Oh I am so stupid....  ::   To make a long story short, I need to have a bank card sent to me in Minsk....  
But I can't work out the post code (zip code in US English) of this flat where I am staying. Please can someone help? *The address is улица козлова 2-19 in Minsk, and it is in the**  Советский район.* 
The reason I can't check is because I don't know how to say post code in Russian, and I also don't know how to find a post code checker online. It would take me over half an hour to find out for sure, probably. But someone who speaks Russian can probably find it in a couple of minutes.   
Really grateful for help!

----------


## BappaBa

> I don't know how to say post code in Russian

 Почт*о*вый *и*ндекс  Индексы Минска, почтовые отделения в Минске, отделения связи в столице Беларуси 
Если я не ошибся, то почтовый индекс улицы Козлова дом 2 *- 220005 * upd: http://www.belindex.ru/5/c1.html#M10

----------


## Hanna

Thank you soooooo much! 
Actually I thought people were getting fed up with me and my stupid questions and was actually starting to research it myself.
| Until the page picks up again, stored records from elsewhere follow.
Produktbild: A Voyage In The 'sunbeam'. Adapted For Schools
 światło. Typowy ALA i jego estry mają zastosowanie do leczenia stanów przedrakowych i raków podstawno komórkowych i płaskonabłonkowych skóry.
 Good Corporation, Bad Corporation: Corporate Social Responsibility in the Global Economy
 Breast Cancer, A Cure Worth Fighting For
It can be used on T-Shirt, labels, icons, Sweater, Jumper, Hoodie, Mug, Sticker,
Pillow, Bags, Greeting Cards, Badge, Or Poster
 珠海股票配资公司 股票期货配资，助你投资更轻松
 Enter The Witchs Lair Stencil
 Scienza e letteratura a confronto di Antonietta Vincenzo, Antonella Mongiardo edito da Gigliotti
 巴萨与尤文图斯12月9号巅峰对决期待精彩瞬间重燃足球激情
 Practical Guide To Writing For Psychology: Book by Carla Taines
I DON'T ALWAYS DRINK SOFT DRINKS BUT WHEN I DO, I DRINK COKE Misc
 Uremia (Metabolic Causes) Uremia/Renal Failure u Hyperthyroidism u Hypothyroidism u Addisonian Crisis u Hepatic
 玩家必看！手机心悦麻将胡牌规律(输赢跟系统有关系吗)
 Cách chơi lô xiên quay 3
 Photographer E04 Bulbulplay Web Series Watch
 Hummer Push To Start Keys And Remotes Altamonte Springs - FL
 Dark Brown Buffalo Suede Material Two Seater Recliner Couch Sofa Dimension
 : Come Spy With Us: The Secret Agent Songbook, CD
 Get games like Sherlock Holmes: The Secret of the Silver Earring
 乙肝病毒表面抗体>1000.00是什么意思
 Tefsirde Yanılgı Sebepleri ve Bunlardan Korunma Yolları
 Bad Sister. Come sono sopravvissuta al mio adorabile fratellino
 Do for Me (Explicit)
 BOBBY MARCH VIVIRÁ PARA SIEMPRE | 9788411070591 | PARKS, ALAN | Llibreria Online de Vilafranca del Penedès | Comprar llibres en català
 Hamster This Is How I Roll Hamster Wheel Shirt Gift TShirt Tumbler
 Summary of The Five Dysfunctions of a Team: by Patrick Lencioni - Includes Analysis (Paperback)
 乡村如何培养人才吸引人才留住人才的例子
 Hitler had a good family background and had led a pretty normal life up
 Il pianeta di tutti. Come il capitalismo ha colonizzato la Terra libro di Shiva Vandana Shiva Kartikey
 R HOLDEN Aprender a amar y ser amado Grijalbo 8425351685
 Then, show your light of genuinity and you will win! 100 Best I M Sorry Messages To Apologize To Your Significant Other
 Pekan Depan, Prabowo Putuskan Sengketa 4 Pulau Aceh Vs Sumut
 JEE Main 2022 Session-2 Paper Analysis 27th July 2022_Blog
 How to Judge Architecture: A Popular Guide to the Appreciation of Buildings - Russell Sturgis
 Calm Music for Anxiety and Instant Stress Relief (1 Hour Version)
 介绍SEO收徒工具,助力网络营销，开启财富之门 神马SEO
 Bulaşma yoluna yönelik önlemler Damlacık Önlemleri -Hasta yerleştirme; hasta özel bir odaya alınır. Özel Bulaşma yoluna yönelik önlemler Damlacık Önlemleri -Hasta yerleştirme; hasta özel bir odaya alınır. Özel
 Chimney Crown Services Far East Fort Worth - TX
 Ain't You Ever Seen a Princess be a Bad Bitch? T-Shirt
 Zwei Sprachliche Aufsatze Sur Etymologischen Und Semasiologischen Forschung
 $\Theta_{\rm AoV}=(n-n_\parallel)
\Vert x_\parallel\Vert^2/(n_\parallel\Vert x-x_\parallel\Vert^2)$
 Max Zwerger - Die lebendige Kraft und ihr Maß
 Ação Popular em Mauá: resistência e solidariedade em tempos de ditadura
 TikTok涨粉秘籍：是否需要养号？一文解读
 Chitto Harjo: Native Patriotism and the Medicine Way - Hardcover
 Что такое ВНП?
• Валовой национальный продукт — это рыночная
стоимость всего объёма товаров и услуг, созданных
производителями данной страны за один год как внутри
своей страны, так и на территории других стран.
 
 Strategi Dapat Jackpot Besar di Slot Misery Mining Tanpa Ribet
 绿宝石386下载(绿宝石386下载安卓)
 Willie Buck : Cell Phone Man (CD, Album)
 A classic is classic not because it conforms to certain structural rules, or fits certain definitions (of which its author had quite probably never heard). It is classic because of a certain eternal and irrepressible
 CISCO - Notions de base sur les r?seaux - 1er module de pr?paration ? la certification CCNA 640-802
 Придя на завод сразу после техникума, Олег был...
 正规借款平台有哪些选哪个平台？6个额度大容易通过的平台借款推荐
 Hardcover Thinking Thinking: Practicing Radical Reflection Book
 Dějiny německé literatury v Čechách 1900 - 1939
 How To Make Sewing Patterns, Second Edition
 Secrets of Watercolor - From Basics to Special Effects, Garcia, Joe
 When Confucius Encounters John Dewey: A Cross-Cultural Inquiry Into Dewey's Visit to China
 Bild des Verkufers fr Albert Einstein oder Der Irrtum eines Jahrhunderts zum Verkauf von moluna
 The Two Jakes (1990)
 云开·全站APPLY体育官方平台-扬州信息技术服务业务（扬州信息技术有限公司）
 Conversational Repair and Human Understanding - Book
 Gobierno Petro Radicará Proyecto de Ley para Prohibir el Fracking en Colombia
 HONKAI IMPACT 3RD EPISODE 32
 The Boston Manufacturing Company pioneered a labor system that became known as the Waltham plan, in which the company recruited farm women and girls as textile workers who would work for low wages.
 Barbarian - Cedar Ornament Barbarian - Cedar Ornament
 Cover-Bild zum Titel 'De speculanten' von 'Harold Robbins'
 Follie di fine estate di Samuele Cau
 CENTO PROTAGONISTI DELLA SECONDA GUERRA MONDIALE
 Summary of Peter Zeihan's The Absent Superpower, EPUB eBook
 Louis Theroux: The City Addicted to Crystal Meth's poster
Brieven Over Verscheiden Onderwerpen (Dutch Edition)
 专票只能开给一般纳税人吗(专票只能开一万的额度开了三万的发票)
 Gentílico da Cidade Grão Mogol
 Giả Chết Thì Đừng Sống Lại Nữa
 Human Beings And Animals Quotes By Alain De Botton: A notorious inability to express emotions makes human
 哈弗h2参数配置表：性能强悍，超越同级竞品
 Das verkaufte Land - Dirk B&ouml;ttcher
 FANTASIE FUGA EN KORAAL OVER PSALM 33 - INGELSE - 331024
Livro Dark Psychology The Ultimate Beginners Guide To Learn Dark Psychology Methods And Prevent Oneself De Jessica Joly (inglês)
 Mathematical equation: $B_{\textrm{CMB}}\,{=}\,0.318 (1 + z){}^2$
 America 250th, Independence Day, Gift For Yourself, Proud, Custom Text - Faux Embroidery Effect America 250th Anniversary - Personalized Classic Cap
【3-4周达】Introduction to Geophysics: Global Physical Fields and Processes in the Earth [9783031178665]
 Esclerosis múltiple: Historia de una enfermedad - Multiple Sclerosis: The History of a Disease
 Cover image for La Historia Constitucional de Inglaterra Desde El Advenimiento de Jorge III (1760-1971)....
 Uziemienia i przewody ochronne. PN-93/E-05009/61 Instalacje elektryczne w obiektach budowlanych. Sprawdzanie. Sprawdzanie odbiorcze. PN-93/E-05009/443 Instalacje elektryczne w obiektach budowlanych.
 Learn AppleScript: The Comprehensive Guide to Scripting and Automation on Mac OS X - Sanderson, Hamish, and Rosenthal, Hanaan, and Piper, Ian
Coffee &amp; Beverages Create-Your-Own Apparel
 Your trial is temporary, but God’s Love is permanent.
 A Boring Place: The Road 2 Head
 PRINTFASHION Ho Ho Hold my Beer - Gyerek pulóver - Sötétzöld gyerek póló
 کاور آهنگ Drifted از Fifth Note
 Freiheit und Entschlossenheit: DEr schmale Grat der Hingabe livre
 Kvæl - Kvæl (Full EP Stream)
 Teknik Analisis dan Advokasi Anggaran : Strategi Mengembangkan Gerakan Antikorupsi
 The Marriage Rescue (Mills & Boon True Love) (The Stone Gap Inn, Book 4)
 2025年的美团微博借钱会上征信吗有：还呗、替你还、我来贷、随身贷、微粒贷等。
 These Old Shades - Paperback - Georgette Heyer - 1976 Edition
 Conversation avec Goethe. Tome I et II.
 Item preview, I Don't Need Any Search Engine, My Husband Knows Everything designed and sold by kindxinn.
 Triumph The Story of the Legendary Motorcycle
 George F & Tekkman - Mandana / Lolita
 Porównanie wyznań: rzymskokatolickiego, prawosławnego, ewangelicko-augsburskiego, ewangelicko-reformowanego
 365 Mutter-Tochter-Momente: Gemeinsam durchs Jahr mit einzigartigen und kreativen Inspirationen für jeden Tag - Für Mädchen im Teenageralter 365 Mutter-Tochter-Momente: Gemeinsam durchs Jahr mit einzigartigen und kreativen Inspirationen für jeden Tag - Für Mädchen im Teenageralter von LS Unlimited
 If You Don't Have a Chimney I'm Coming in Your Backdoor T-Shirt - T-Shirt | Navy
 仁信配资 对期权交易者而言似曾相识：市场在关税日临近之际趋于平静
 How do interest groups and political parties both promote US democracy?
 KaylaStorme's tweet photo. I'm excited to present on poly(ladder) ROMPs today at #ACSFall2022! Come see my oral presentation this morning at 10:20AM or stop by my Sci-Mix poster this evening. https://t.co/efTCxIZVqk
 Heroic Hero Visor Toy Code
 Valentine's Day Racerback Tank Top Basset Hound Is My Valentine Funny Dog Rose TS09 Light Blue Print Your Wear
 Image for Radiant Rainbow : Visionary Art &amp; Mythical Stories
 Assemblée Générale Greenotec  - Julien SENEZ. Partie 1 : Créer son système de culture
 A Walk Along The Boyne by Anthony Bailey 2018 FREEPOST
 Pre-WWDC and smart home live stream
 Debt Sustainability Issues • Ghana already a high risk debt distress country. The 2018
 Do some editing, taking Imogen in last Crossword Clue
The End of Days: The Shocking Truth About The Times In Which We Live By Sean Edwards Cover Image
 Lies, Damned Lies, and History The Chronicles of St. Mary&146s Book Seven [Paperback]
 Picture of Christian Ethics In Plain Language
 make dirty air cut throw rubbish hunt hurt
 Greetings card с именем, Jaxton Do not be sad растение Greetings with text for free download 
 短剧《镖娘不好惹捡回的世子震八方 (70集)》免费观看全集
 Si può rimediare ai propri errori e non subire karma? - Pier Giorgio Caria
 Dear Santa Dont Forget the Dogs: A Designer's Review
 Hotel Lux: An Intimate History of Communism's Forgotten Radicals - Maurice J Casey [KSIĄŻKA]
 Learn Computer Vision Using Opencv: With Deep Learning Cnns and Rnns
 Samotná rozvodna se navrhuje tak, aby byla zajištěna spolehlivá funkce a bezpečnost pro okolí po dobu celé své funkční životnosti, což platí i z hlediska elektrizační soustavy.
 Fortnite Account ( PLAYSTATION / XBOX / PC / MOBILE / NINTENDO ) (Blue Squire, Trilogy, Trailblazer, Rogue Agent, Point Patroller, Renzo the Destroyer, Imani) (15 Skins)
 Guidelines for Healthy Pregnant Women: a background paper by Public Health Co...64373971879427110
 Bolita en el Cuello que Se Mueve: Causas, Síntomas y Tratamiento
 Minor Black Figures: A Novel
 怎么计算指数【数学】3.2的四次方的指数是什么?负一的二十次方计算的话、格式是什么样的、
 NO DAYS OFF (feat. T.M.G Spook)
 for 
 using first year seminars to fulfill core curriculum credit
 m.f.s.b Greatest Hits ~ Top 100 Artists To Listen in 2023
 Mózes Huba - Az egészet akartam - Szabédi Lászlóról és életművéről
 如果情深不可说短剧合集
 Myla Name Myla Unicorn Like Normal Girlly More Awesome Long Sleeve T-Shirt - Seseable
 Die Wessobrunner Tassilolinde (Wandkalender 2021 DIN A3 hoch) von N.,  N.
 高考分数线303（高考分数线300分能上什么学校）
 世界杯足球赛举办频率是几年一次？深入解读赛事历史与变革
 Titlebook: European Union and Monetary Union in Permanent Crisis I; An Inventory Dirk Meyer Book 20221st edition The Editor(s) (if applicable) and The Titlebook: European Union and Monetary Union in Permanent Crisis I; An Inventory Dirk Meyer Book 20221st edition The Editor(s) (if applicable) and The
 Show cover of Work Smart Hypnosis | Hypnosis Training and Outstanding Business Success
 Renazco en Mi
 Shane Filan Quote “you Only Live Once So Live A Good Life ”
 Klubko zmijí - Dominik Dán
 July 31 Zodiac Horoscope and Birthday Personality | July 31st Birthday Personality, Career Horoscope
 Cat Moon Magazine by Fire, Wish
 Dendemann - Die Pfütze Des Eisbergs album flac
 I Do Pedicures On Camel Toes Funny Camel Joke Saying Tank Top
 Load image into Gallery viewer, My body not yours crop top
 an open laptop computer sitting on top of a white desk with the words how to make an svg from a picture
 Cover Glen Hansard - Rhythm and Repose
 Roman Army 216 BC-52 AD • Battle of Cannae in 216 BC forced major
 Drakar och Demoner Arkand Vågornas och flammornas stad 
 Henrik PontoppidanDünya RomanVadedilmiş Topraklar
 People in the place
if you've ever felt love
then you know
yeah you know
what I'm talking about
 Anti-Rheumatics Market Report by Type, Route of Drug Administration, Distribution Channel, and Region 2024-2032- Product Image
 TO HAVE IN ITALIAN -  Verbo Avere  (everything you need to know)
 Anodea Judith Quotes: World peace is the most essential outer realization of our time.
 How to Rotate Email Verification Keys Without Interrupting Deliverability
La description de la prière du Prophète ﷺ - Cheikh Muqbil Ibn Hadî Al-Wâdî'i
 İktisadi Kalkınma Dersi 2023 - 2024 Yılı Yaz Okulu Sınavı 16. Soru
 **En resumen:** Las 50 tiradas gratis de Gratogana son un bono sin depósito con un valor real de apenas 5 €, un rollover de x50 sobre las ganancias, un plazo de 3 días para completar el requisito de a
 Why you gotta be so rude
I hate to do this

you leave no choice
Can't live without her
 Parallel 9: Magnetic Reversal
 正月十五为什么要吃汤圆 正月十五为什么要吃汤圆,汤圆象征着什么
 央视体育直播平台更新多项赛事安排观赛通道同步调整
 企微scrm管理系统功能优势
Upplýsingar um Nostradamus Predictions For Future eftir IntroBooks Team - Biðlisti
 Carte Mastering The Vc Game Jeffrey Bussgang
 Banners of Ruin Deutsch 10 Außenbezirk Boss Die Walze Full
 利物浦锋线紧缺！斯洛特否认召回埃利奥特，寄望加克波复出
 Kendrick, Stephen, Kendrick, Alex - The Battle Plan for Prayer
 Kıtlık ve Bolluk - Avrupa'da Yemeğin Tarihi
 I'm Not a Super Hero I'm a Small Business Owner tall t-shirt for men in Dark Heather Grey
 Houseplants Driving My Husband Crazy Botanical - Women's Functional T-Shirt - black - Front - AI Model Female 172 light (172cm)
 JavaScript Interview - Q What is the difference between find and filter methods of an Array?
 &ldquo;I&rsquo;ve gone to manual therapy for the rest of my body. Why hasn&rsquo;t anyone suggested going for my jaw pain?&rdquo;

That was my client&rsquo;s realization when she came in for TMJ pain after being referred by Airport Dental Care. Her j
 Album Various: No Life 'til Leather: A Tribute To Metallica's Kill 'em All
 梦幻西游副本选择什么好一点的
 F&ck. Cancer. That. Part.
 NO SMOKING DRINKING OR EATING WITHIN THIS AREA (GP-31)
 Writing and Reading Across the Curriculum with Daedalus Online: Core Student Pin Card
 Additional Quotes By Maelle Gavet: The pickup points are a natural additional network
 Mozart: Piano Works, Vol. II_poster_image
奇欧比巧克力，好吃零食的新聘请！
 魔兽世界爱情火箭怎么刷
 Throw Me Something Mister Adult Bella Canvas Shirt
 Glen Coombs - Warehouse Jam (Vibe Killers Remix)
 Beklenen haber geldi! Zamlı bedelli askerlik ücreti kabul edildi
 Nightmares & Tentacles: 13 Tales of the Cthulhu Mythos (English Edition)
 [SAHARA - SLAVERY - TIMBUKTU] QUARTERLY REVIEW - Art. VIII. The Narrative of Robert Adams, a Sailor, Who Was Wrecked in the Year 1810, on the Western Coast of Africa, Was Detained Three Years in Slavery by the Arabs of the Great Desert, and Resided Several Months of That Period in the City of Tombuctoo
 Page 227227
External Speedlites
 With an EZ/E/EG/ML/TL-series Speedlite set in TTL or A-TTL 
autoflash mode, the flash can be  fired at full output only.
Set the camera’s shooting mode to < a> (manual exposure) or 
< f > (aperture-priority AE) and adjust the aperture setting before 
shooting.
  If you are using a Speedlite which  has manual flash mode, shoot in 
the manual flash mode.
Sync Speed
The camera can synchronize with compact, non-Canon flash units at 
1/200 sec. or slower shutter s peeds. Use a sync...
I had almost found it!  ::  But u beat me to it!

----------


## Eric C.

Actually, you should just have googled something like "post codes in Minsk, Kozlova" on your cell phone, that should have given you the right one for sure. 
But take the point that your question is not actually stupid at all if you ask people on the street. I bet 9 out of 10 would have no idea on that if were just asked, for such services have become quite unpopular in nowaday communication.

----------


## Hanna

This is Minsk, Belarus - not Minsk, Texas  ::

----------


## Eric C.

> This is Minsk, Belarus - not Minsk, Texas

 Well, this is obviously irony, but which of the two? I'll assume it's that people of the country you're staying in prefer "traditional" mail services rather than e-mail or something due to general problems with Internet connection. I hope you don't mind.  ::

----------